**GIVEN RECORDS:**
# # # # #

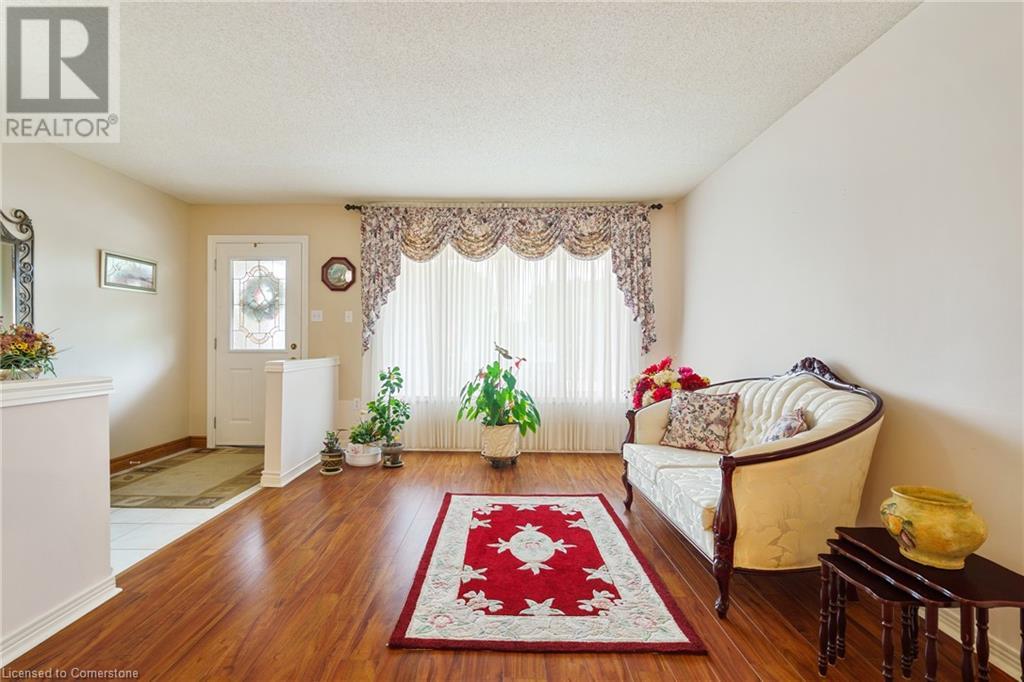 322 Stone Church Road E, Hamilton, Ontario  L9B 1B2 - Photo 8 - 40753558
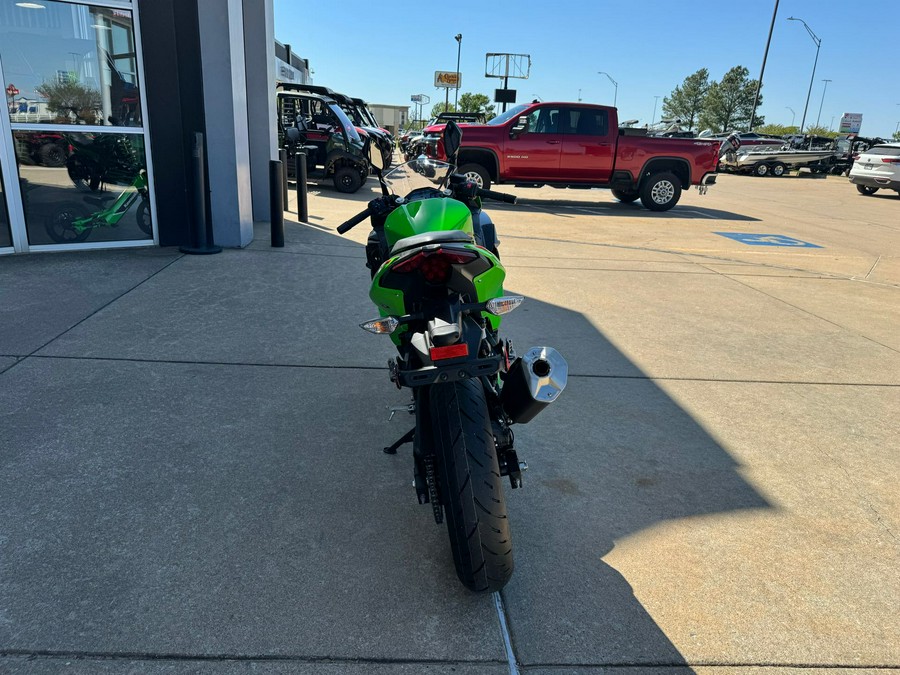 2024 Kawasaki Ninja 500 KRT Edition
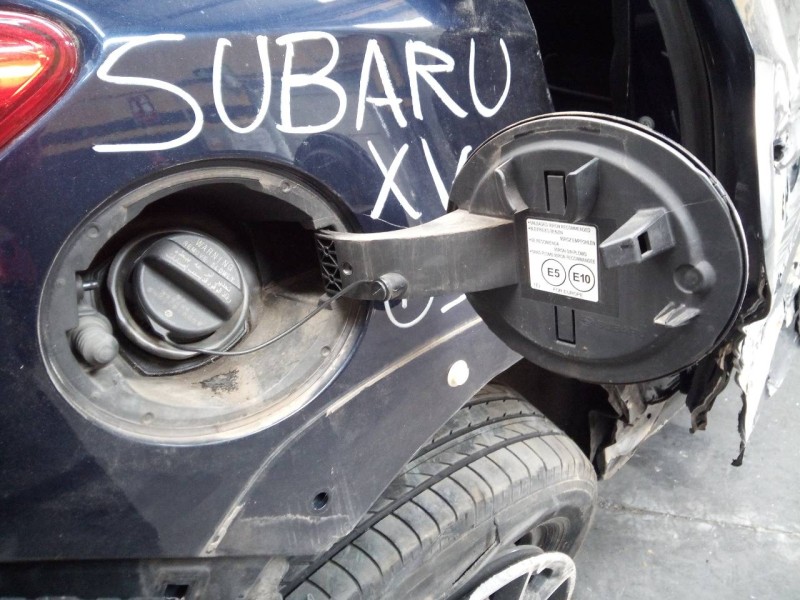 Recambio de tapa exterior combustible para subaru xv (g5) sport referencia OEM IAM   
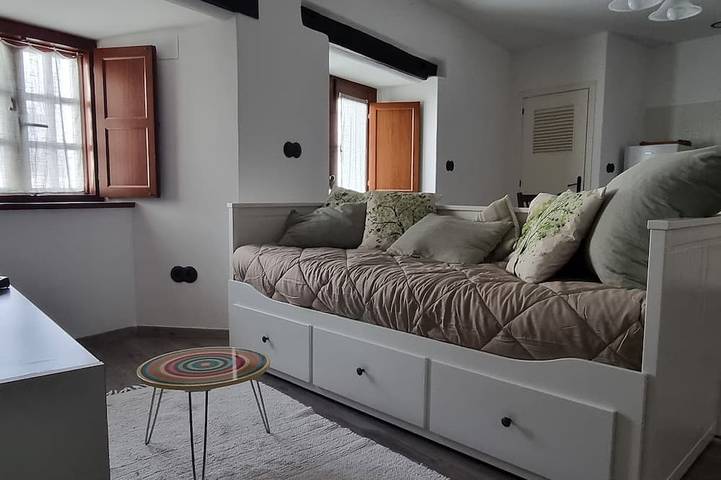 Apartamento entero, Precioso apartamento con patio centro de Castropol in Castropol, Costa Verde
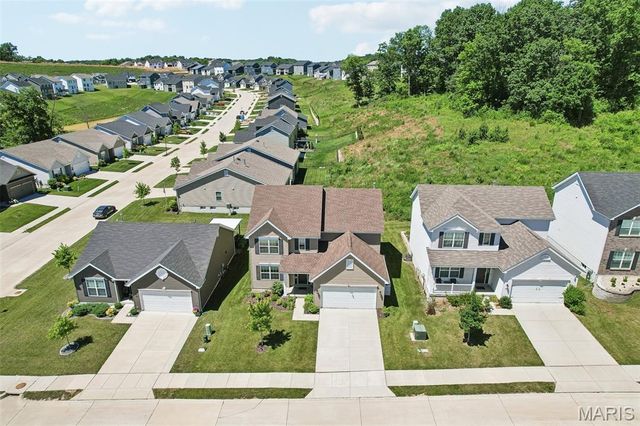 819 Cedar Bluff Way, Fenton, MO 63026
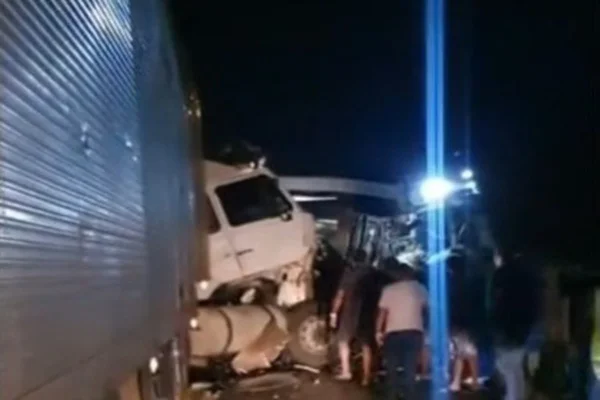 Foto colorida de acidente entre caminhão e ônibus - Metrópoles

# # # # #

**TASK PROMPT:** With the images removed, give back every entry exactly as shown.

**EXERCISE RESPONSE:**
 322 Stone Church Road E, Hamilton, Ontario  L9B 1B2 - Photo 8 - 40753558
 2024 Kawasaki Ninja 500 KRT Edition
 Recambio de tapa exterior combustible para subaru xv (g5) sport referencia OEM IAM   
 Apartamento entero, Precioso apartamento con patio centro de Castropol in Castropol, Costa Verde
 819 Cedar Bluff Way, Fenton, MO 63026
 Foto colorida de acidente entre caminhão e ônibus - Metrópoles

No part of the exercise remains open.